§ **Problem**
Taking the data below, please print only the lines from the line holding "Frustrated business owner" to the line holding "Decorazioni natalizie a", inclusive, with pictures omitted.

§ **Given records**
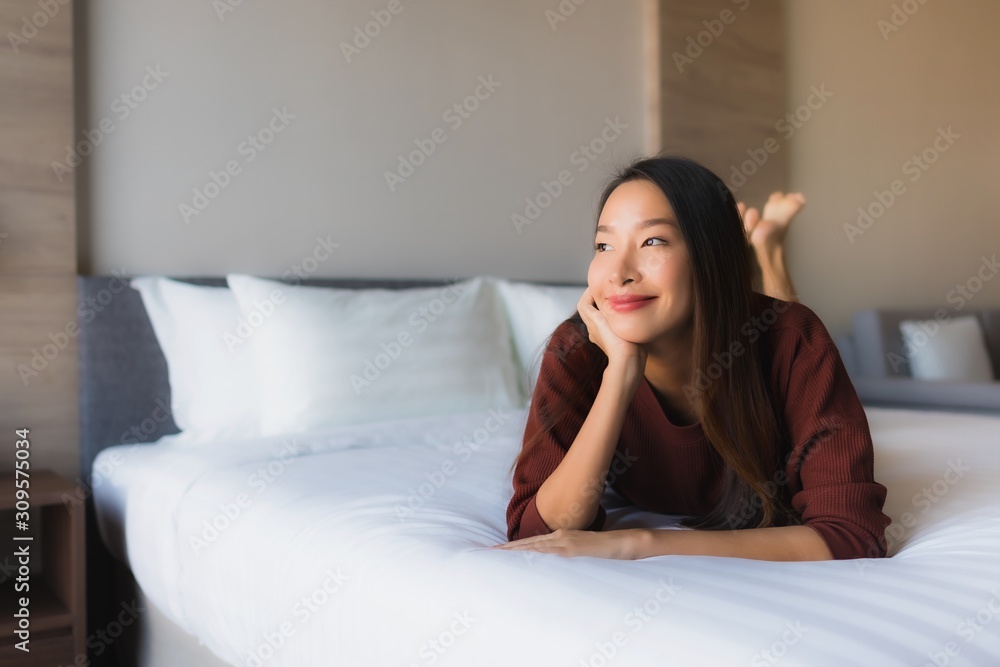 Portrait beautiful young asian women happy smile relax on bed Portrait beautiful young asian women happy smile relax on bed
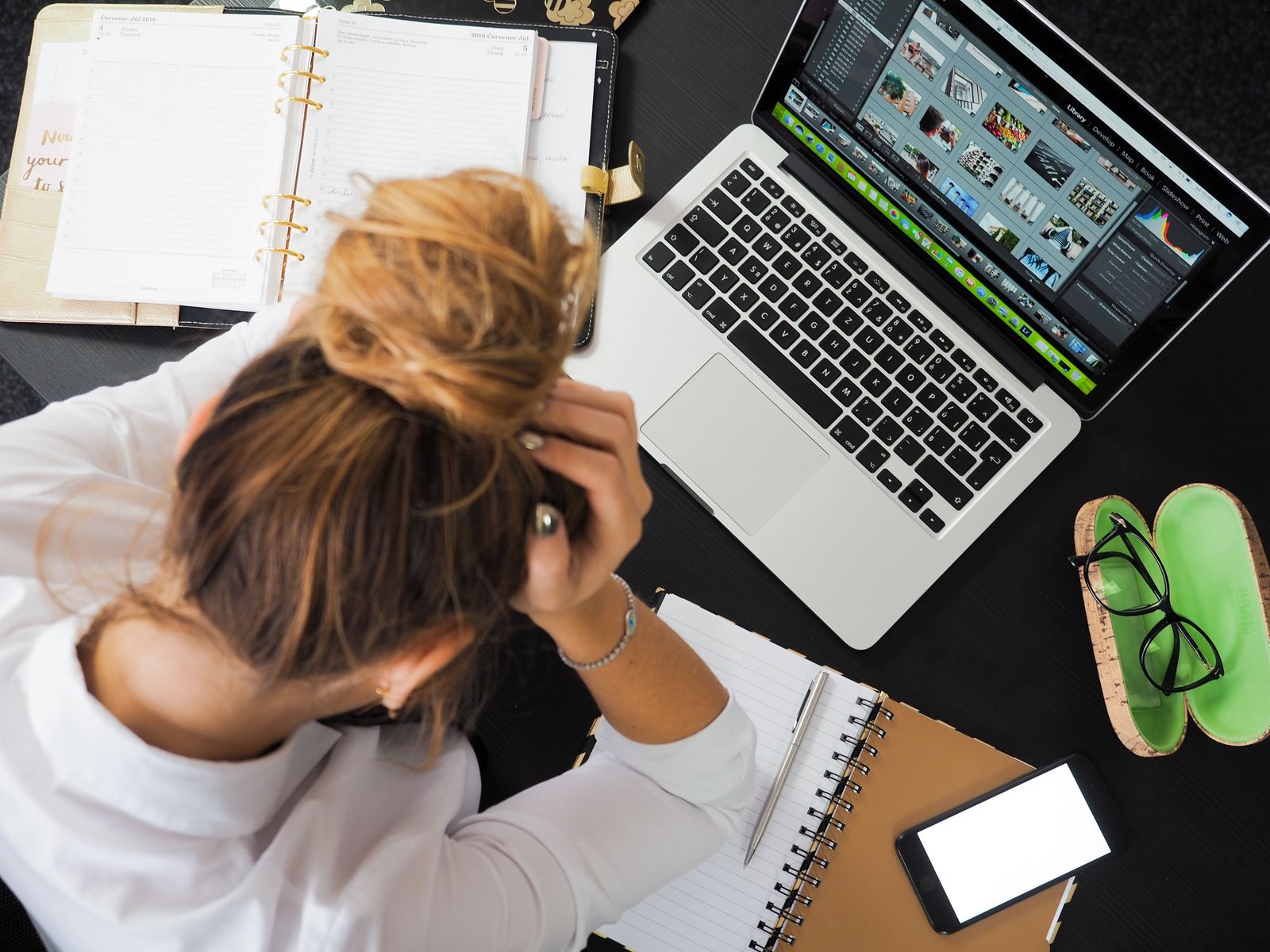 Frustrated business owner checking Google Ads clicks but no conversions on a laptop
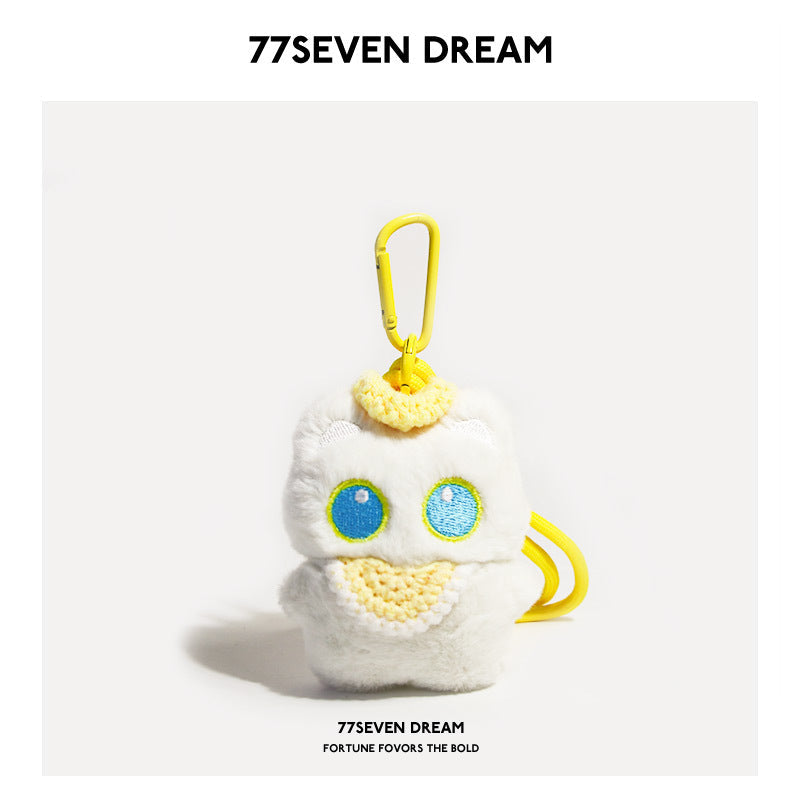 White cat plush charm with blue-outlined eyes and yellow crocheted bib, yellow carabiner clip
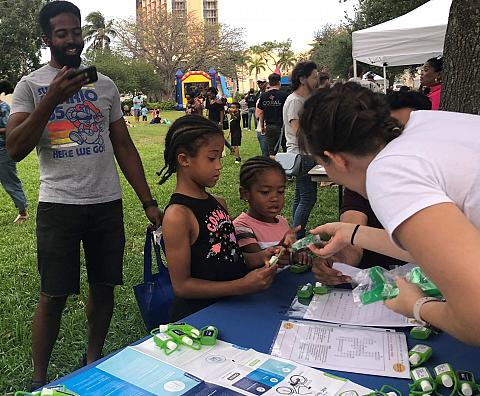 Public Outreach Officer, Hannah, talks with children about environmental benefits of biking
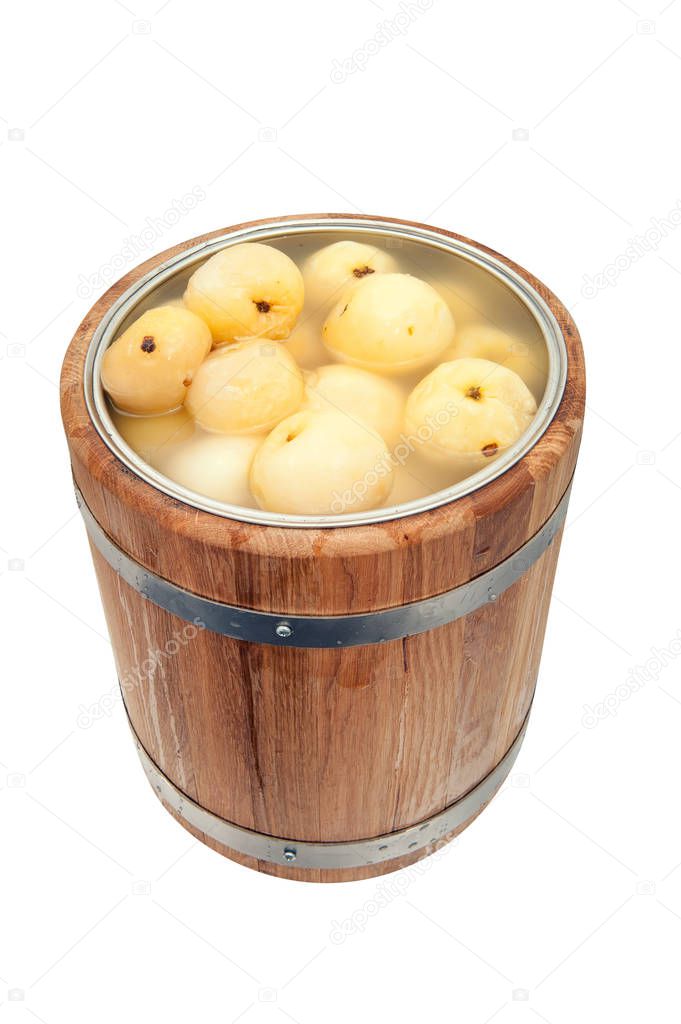 Pickled apples in a barrel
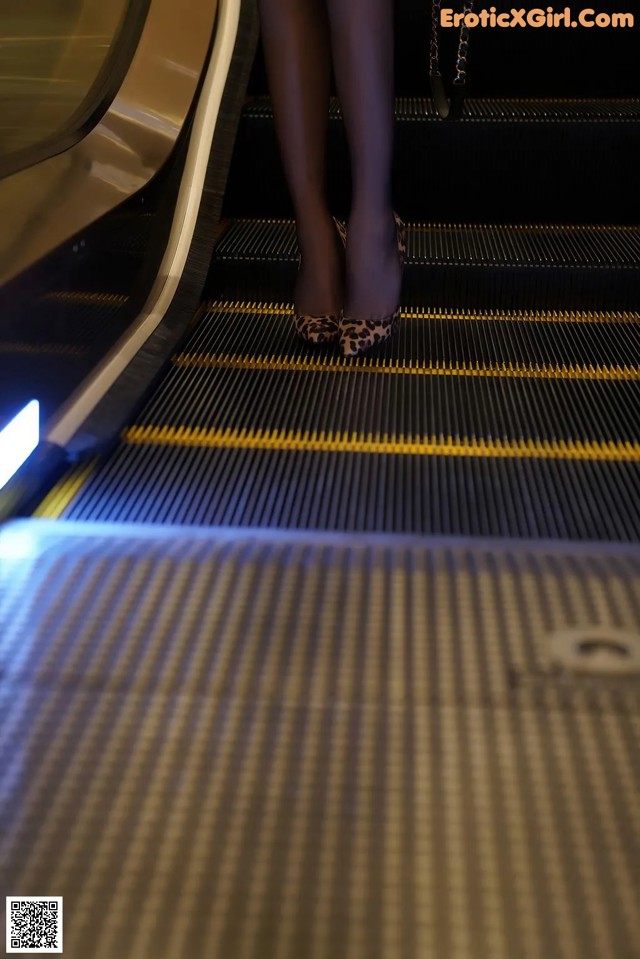 A woman is walking down an escalator with her legs up.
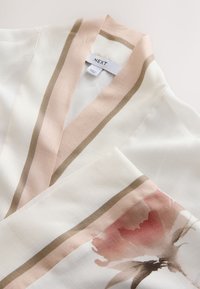 Vit och beige randig plagg med blommönster nära ärmen och en klädetikett med texten "NEXT."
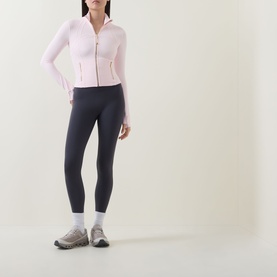Model wearing Lululemon Pink Pearl zip-up fitted jacket with navy leggings, white socks and grey trainers.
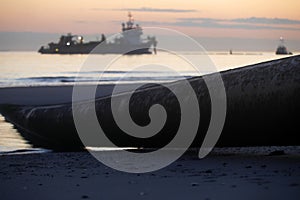 A dredger supplying sand to a beach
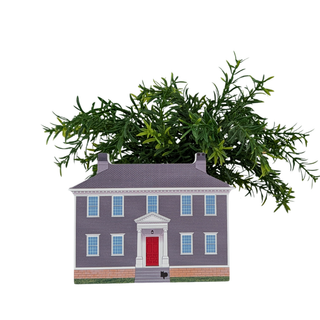 A decorative miniature house-shaped planter with a gray roof and walls, a red front door, white trim, and green artificial foliage growing from the top, shown on a plain white background.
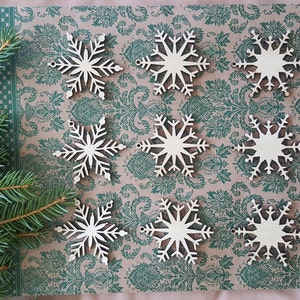 Decorazioni natalizie a forma di fiocco di neve in legno tagliato al laser, set da 9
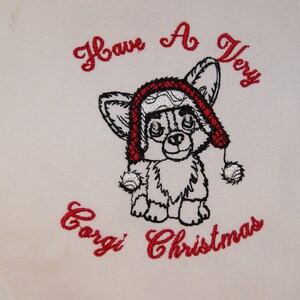 Może przedstawiać: Haftowany wzór przedstawiający corgi w czerwono-białym kapeluszu Świętego Mikołaja z tekstem "Have A Very Corgi Christmas".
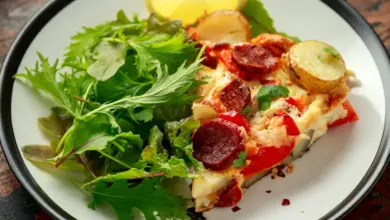 Chorizo Frittata with Salad on Black and White Plate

§ **Output for this exercise**
 Frustrated business owner checking Google Ads clicks but no conversions on a laptop
 White cat plush charm with blue-outlined eyes and yellow crocheted bib, yellow carabiner clip
 Public Outreach Officer, Hannah, talks with children about environmental benefits of biking
 Pickled apples in a barrel
 A woman is walking down an escalator with her legs up.
 Vit och beige randig plagg med blommönster nära ärmen och en klädetikett med texten "NEXT."
Model wearing Lululemon Pink Pearl zip-up fitted jacket with navy leggings, white socks and grey trainers.
 A dredger supplying sand to a beach
 A decorative miniature house-shaped planter with a gray roof and walls, a red front door, white trim, and green artificial foliage growing from the top, shown on a plain white background.
 Decorazioni natalizie a forma di fiocco di neve in legno tagliato al laser, set da 9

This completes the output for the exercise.